We all know about Zaha, but the role of women in Baghdad’s architecture is greater than you might think
Given her recent work, it’s something of a surprise to learn that Ala Younis has never been to Baghdad. The Kuwait-born artist – and architect – has just opened her exhibition Plan for Feminist Greater Baghdad at the Delfina Foundation in London.
The installation comprises her 2015 show Plan for Greater Baghdad that was exhibited at the 56th Venice Biennale, plus a new addition, Plan (fem.) for Greater Baghdad, which was commissioned by the Delfina Foundation and Art Jameel. Both exhibitions focus on the buildings and monuments planned for Baghdad by Iraq’s changing regimes from the 1950s onwards – including Walter Gropius’s Baghdad University and Le Corbusier’s stadium and gymnasium – and how their progress was shaped by political agendas. But whereas the protagonists in the first show were men, in the new work, Younis finds a new narrative thread that draws out the largely untold roles played by women, from the female architect who helped facilitate Gropius’s commission through to Iraqi-born Zaha Hadid.
‘I realised that there are always two narratives, two sides, two images. There is always a duality,’ she says.
‘I’m hoping to tell the same story with the women,’ she adds, describing their stories as ‘hiding in the cracks’. ‘They were all people who had their own lives and dreams that were interrupted.’

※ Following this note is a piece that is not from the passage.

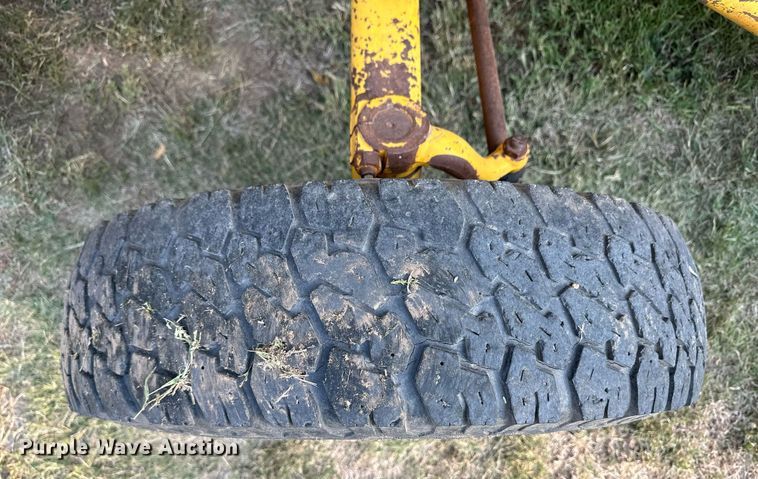 image for item ER8038 1971 Massey Ferguson MF54 backhoe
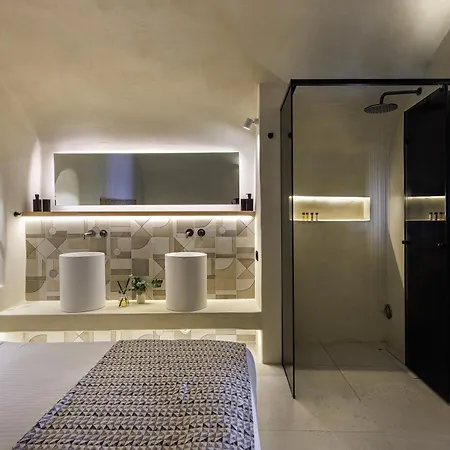 Annouso With Hot Tub By Caldera * Oia (Santorini)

Their stories emerge, sometimes just in fragments, through a dense collection of documents, photos and drawings interwoven with a chronological account of the changing political backdrop and its impact on the modern city of Baghdad. Younis has supplemented her investigative research with new, sometimes fictional, strands of narrative, as well as creating a new model of Le Corbusier’s gymnasium populated by female figures whose stories emerged during her research. This contrasts with the original show’s model, which was accompanied by male figures including Saddam Hussein and Corb himself.
This gymnasium is at the heart of the story – photos of the building taken by celebrated Iraqi architect and author Rifat Chadirji were the starting point for Younis’s project. Corbusier was commissioned to design a gymnasium and stadium in 1956 and it was finally built in 1978 and named after Saddam Hussein, who had recently come to power. During the Iraq war, American troops were stationed at the stadium for three years. Now named the Baghdad Gymnasium, the building has returned to its original use.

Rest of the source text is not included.